What you are asked to do
Repeat the data below exactly, dropping any pictures it holds.

========================

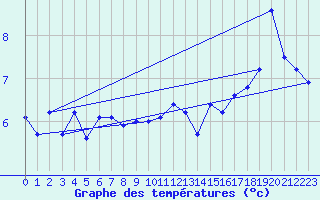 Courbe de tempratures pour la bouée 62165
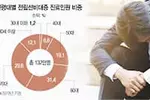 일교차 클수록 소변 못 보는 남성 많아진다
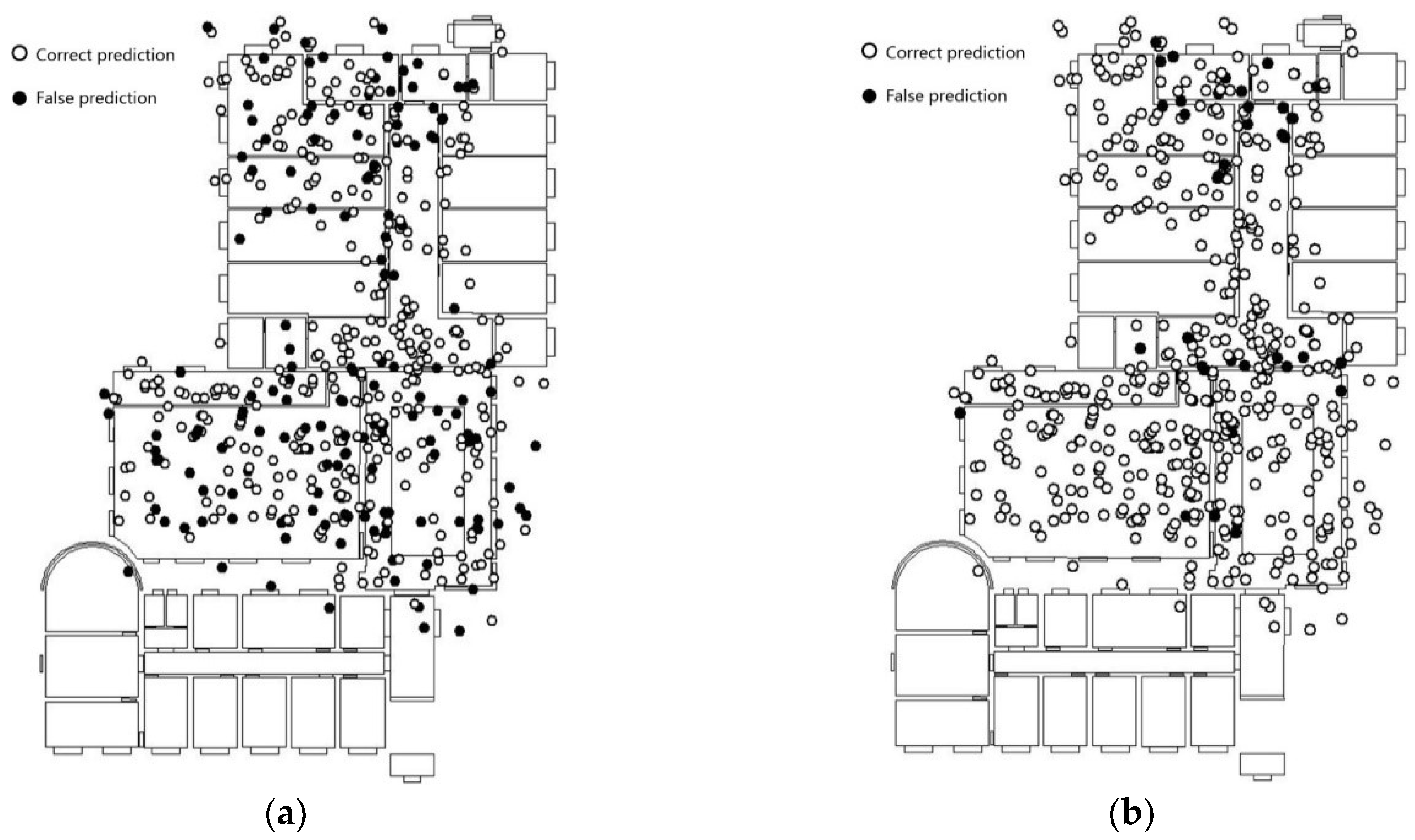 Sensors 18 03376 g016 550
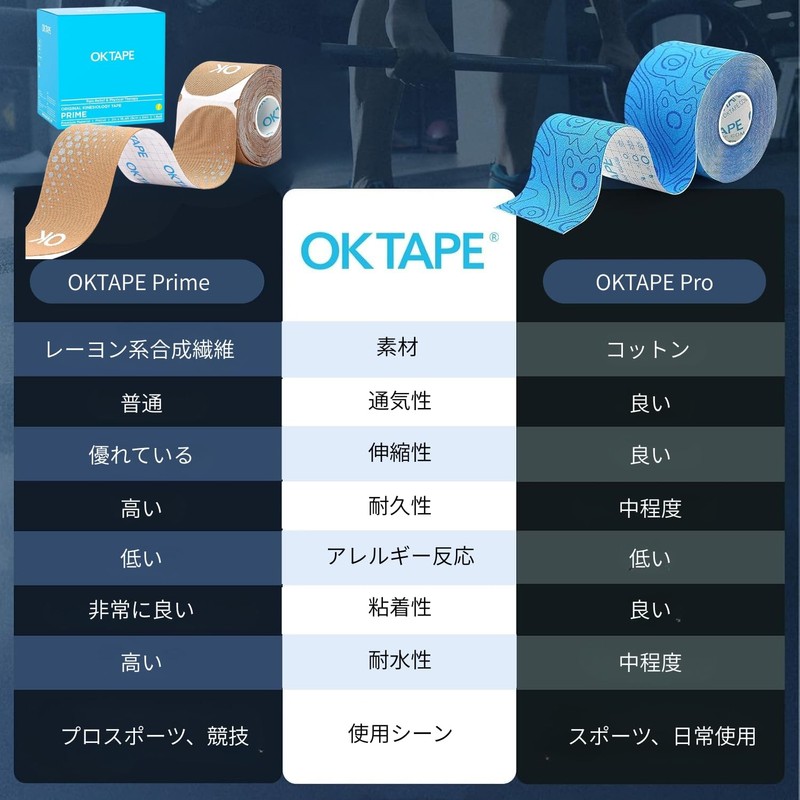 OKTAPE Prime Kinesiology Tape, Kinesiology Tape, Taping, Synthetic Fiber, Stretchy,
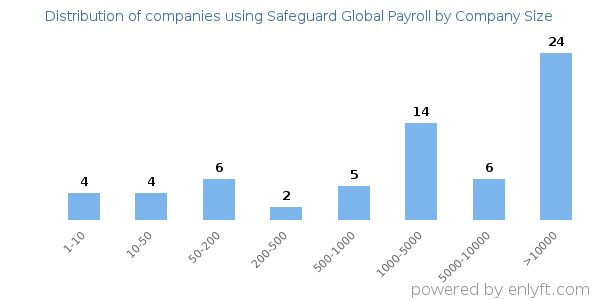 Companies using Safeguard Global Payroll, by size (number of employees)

========================

Result for this task
 Courbe de tempratures pour la bouée 62165
 일교차 클수록 소변 못 보는 남성 많아진다
 Sensors 18 03376 g016 550
 OKTAPE Prime Kinesiology Tape, Kinesiology Tape, Taping, Synthetic Fiber, Stretchy,
 Companies using Safeguard Global Payroll, by size (number of employees)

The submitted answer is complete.